Pourquoi une personne qui, comme moi, a payé des impôts et cotisé à l’assurance chômage pendant vingt ans, devrait-elle être qualifiée de parasite asocial et paresseux — et en même temps être censée fournir à vous, en Suisse, ou à tous ces parasites culturels SPD-CDU de la capitale, un accès gratuit à l’art ?
(Autrement dit, une « légitimation culturelle ».)
Et même encore vous offrir une coupe de champagne ?

Je vous prie donc de répondre à ma question, Monsieur le roi Krall :
pourquoi devrais-je vous offrir une coupe de champagne ?

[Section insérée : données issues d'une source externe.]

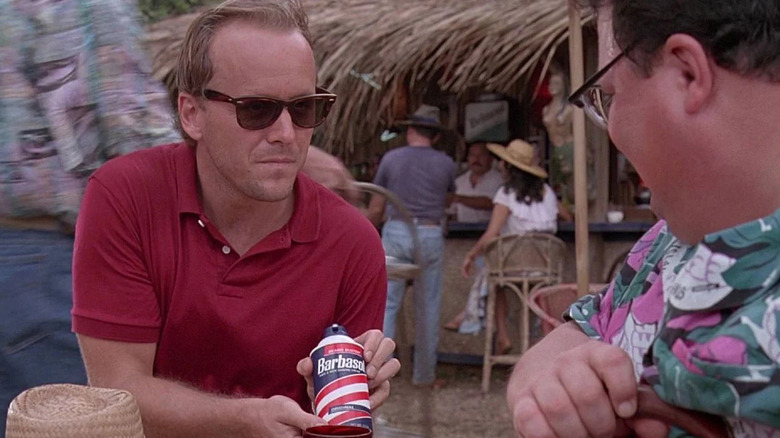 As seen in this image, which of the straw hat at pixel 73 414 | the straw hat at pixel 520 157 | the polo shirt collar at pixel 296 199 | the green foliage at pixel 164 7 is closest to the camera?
the straw hat at pixel 73 414

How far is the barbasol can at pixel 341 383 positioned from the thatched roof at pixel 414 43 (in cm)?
548

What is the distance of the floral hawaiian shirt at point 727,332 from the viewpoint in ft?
3.07

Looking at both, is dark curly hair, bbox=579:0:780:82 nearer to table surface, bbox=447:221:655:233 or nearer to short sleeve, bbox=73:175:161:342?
short sleeve, bbox=73:175:161:342

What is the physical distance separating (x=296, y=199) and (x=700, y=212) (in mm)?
1318

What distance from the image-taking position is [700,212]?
3.41 feet

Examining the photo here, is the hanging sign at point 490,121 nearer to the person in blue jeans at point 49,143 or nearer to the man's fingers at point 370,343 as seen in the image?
the person in blue jeans at point 49,143

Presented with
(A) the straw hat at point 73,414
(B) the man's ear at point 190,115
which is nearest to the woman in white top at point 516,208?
(B) the man's ear at point 190,115

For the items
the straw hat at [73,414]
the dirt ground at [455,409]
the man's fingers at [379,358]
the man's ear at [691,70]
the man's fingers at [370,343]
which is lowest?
the dirt ground at [455,409]

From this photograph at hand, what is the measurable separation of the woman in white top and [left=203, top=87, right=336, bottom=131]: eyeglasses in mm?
5631

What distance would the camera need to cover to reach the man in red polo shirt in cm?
202

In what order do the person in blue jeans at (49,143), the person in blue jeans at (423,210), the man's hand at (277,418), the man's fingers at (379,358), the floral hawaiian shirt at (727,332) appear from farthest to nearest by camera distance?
1. the person in blue jeans at (423,210)
2. the person in blue jeans at (49,143)
3. the man's fingers at (379,358)
4. the man's hand at (277,418)
5. the floral hawaiian shirt at (727,332)

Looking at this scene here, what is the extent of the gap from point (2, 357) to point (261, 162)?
0.77m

Parce que vous vous proclamez roi et redéfinissez tout ce parasitisme culturel corrompu de l’agenda SPD en « pure économie de marché » ?
Comme la main invisible qui vous tend le champagne ?

Non, non — rassurez-vous. Vous et vos amis banquiers avez déjà gagné, Monsieur Krall.
Mais ce n’est pas le propos.

Non pas dans le sens où il n’existe plus d’art susceptible de trouver un marché,
mais dans celui-ci :

En tant que « créateur de culture », je choisis désormais moi-même mon public, dans notre monde occidental libre.
Il existe d’autres métropoles culturelles. La concurrence stimule l’activité.
Ainsi, j’expose simplement ailleurs.
Et j’y paie également mes impôts.

Personne n’a besoin de Berlin.

Il faut toutefois préciser, à titre d’avertissement, que même la logique économique du tourisme berlinois — son principal facteur et sa source de revenu essentielle — et l’idée de la culture comme « facteur d’attractivité » ne trouvent plus, en réalité, aucun écho auprès des banquiers de la Landesbank, ni parmi les fonctionnaires ou les juristes de la capitale.

Car ces figures ne s’en soucient plus depuis longtemps.
Parce qu’ils sont assis si près de l’abreuvoir où s’écoule l’argent fraîchement imprimé que leur seul plaisir restant consiste à agiter ces billets, avec une arrogance suprême, sous le nez de tous les autres — entrepreneurs, créateurs, artistes, indépendants — même dans une ville qui s’appauvrit chaque jour davantage.


Vous avez choisi la Suisse,
(moi, Londres).

Mais je me demande si c’était vraiment un choix si avisé — surtout pour un collectionneur d’or qui décide de s’y installer précisément.

Après tout, les manœuvres militaires de l’armée suisse en 2013 ont simulé une invasion française à la suite d’un krach économique…

Aujourd’hui, ce petit pays qu’est la Suisse, vu le prix actuel de l’or, est assis sur un trésor gigantesque, tandis qu’un mafieux s’approprie les ressources naturelles de l’Ukraine et qu’un autre lorgne sur le Groenland.

Nous verrons bien, en temps voulu, comment évolueront les droits de douane, le dollar et les autres morceaux colorés de papier imprimé.


Note à l’attention des admirateurs de Krall (mot-clé : “interdiction de l’or”) :
Il serait utile d’examiner l’évolution historique de la peinture à l’huile au cours du siècle passé — malgré plusieurs guerres, malgré l’hyperinflation, et malgré d’innombrables réformes monétaires.

Car :

Les systèmes monétaires vont et viennent,
l’art demeure.

Hasta la vista.


¹ « Si tu n’avais pas gaspillé tes paroles en futilités publiques, tu serais resté un expert en économie. »
Albertus Lascaux (2025), in commentatione satyrica adversus M. Krall, cf. Blog.crit.artis 13 VIII 2025.